[Short web captions]
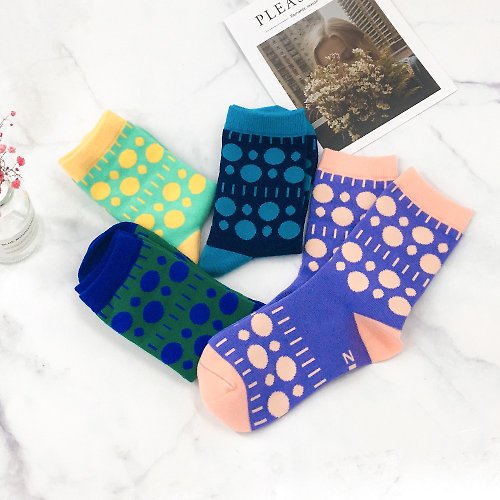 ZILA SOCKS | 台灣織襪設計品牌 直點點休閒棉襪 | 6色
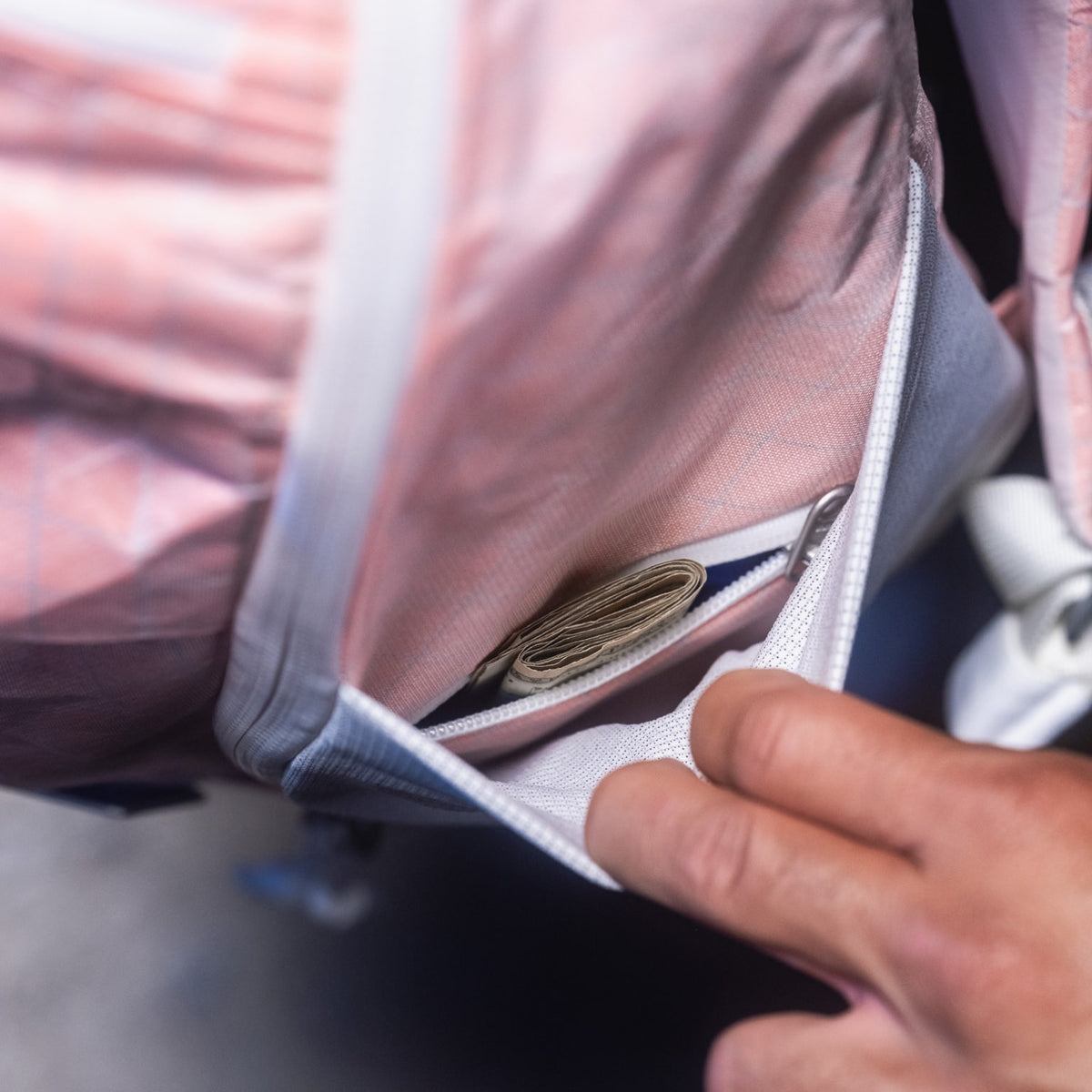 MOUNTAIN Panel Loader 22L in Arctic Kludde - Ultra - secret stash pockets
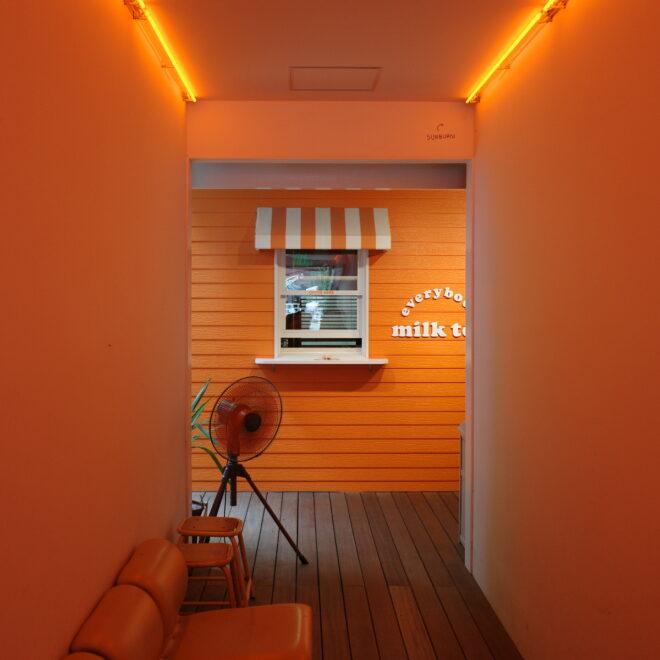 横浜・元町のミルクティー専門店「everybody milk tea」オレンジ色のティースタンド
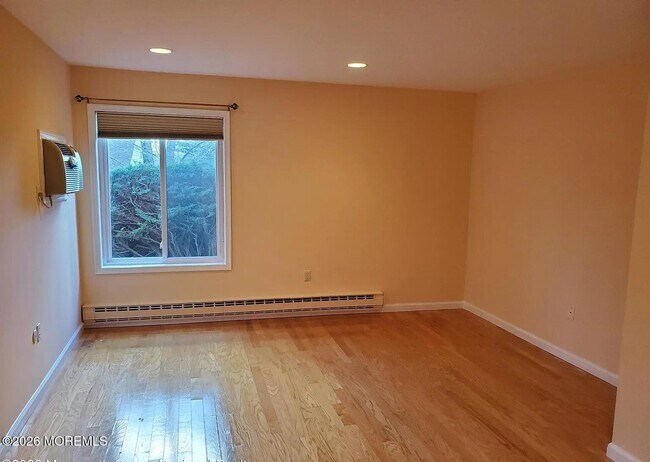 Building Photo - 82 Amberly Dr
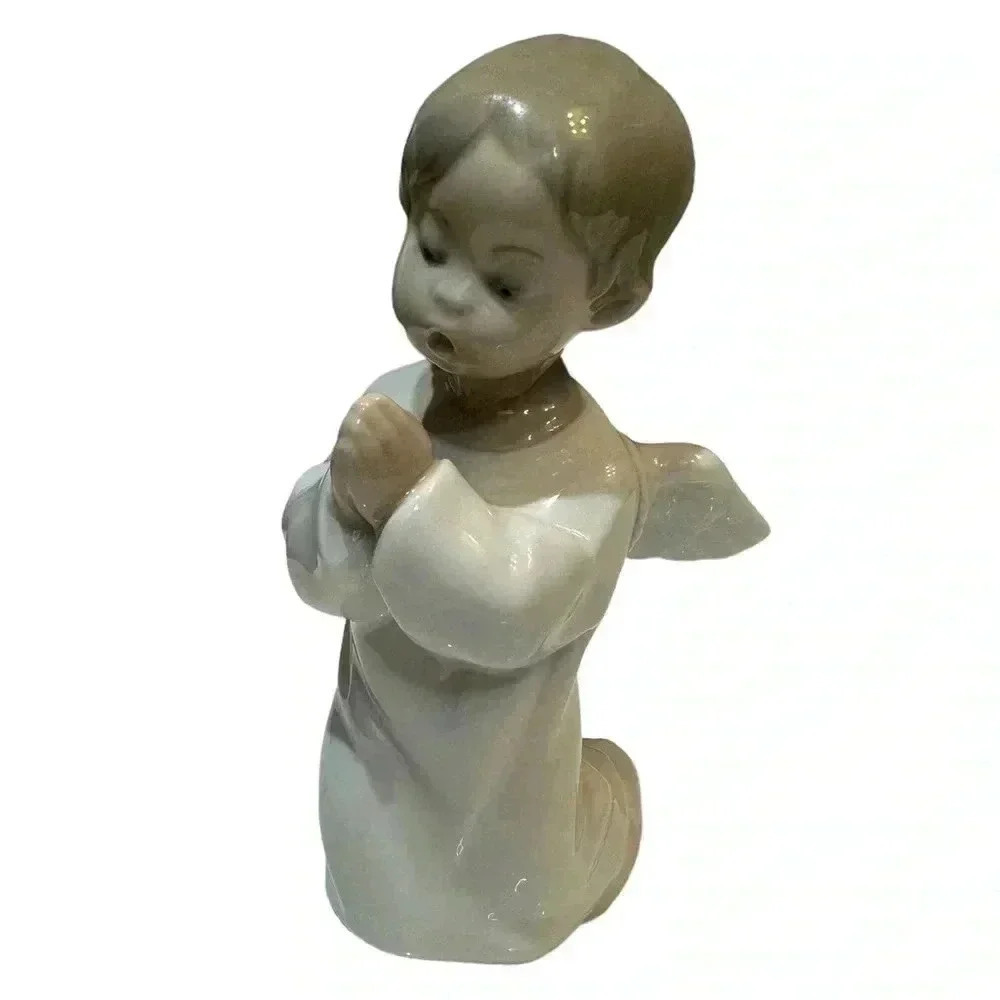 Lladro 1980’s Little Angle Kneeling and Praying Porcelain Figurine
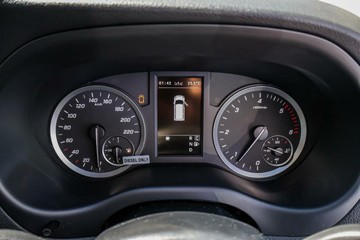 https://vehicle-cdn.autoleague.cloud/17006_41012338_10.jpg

• _Task to complete_: Each entry above must be repeated word for word, minus its images.

• _Solution to the problem_:
 ZILA SOCKS | 台灣織襪設計品牌 直點點休閒棉襪 | 6色
 MOUNTAIN Panel Loader 22L in Arctic Kludde - Ultra - secret stash pockets
 横浜・元町のミルクティー専門店「everybody milk tea」オレンジ色のティースタンド
 Building Photo - 82 Amberly Dr
 Lladro 1980’s Little Angle Kneeling and Praying Porcelain Figurine
 https://vehicle-cdn.autoleague.cloud/17006_41012338_10.jpg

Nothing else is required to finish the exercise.